Alabama offensive lineman Brandon Kennedy is an attractive transfer target. Kennedy was a four-star recruit in the class of 2015, and he’s spent three years building himself up with the Crimson Tide.
Kennedy was a redshirt sophomore in 2017 and was slated to spend the season as the Tide’s backup center. But injuries limited him to three appearances, and his bio on Alabama’s website says Kennedy received a medical redshirt after the season. In theory, that leaves him with three seasons of college eligibility remaining. He’s spent three years at Bama.
Kennedy wants to play in the SEC, which complicates things.
The schools at the top of his list are Tennessee and Auburn, according to various reports.
He graduated from Alabama in December. Under NCAA transfer rules, that makes him eligible to play immediately at whichever school he goes to next.

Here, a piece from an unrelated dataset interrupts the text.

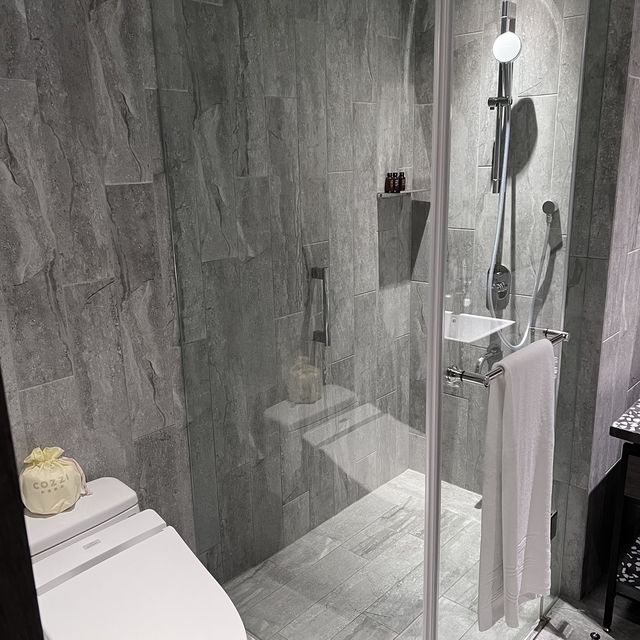 Taoyuan HSR Hotel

But the SEC has its own transfer rules, which say players who transfer from one SEC school to another have to sit out a season, unless they get a waiver:
A transfer student from a member institution shall not be eligible for intercollegiate competition at another member institution until the student has fulfilled a residence requirement of one full academic year (two full semesters) at the certifying institution. Further, a transfer student-athlete admitted after the 12th class day may not utilize that semester for the purpose of establishing residency. Student-athletes meeting the terms of [the relevant NCAA rules] may seek a waiver of the provisions of this bylaw.

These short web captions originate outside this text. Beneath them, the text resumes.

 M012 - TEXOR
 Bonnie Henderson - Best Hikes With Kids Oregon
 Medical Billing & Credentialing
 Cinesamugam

The SEC would have to make an exception to let Kennedy play immediately at either Auburn or Tennessee. As recently as May 21, Alabama was reportedly blocking Kennedy from even communicating with the Tigers or Vols. The Tide are allowed to dictate where Kennedy can play, thanks to NCAA rules, and hadn’t given him the necessary “permission to contact.”
Nick Saban said at the SEC’s spring meetings Tuesday that Kennedy “can go where he wants to go” but indicated that it was on the SEC to move the process along.

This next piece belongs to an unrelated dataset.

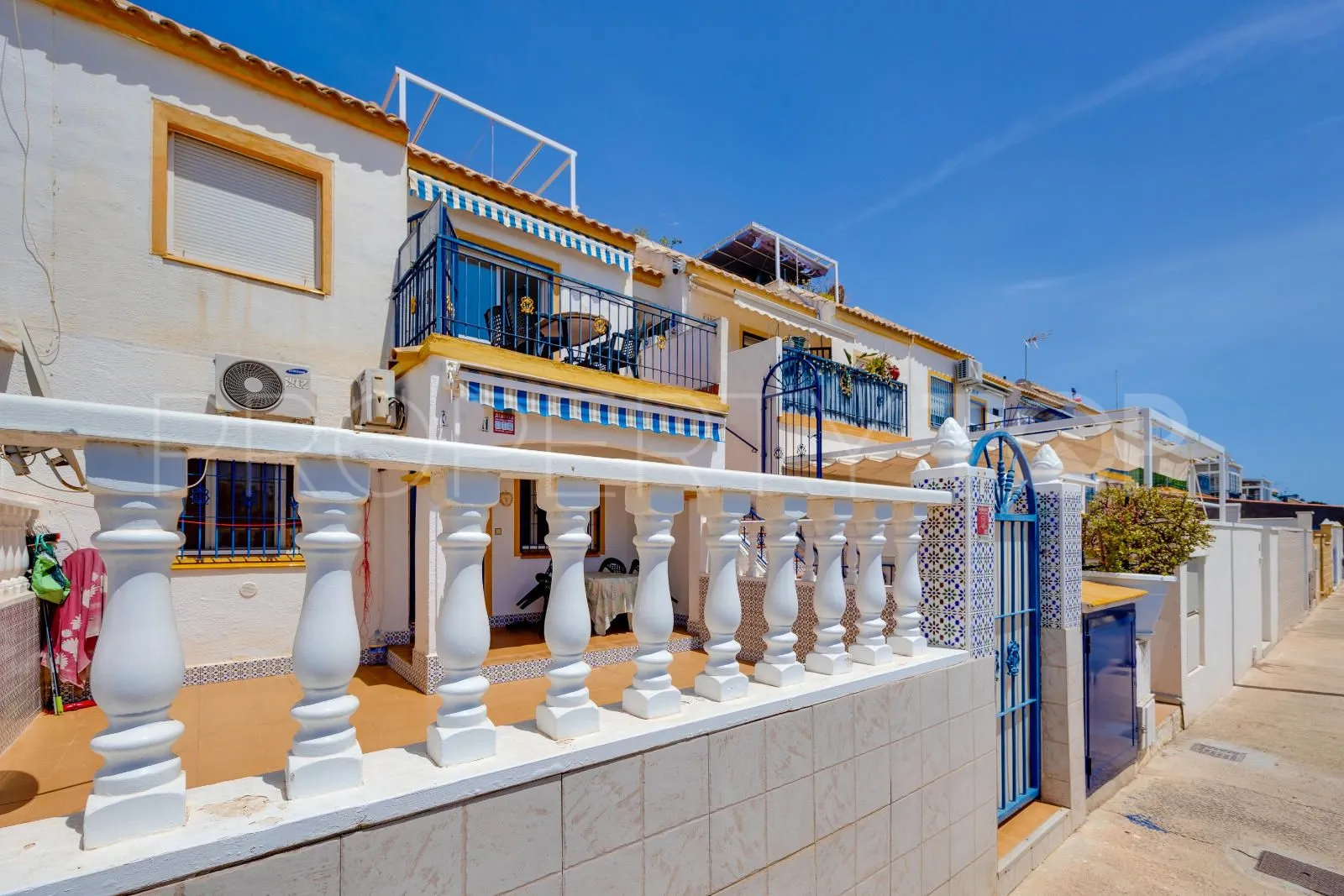 Torrevieja, apartamento en venta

The Tide coach said “I always give people releases” and brought up Maurice Smith, a grad-transfer defensive back who moved from Alabama to Georgia two years ago. The Tide blocked Smith for a while, then decided to let him go. His immediate eligibility then hinged on the SEC giving him a waiver or not, and the conference eventually did.
If the powers that be don’t do right by Kennedy, he could lose on two fronts.
The first front: He might not get his first choice of schools. Alabama should be chill and let Kennedy go wherever he wants, as Saban has indicated the Tide will do.
The second front is more complicated. Because Kennedy has already been in college for three years, he might only have two years left to play out his career, if he has to sit out a year.
As a general rule, the NCAA requires athletes to complete their four seasons of on-field play within a five-year period. Injuries can extend that clock, but only one of the two redshirt years Kennedy has taken so far was because of injury. He also redshirted as a true freshman in 2015. If the SEC forced Kennedy to sit out in 2018, he’d effectively be a triple-redshirt: once as a true freshman, once for injuries, and once as a transfer.
Here’s what Kennedy’s first five years in college would look like if the SEC made him sit:
- 2015: Redshirted as a true freshman
- 2016: Played as a redshirt freshman
- 2017: Was injured as redshirt sophomore, received medical redshirt
- 2018: Sat out as a redshirt sophomore at Auburn or Tennessee
- 2019: Played as a redshirt sophomore at his new school
The NCAA only extends the five-year clock if circumstances beyond the player’s control — like an injury — cost him more than one season of competition. The rules are explicit that redshirt years and “years in residence” after transferring do not pause a player’s five-year clock. The NCAA can always grant waivers for more, but there’s no guarantee.
Could Kennedy just pick another school and avert this problem?
But shouldn’t the SEC and Alabama just do what they can to let a college athlete go to school and play where he wants?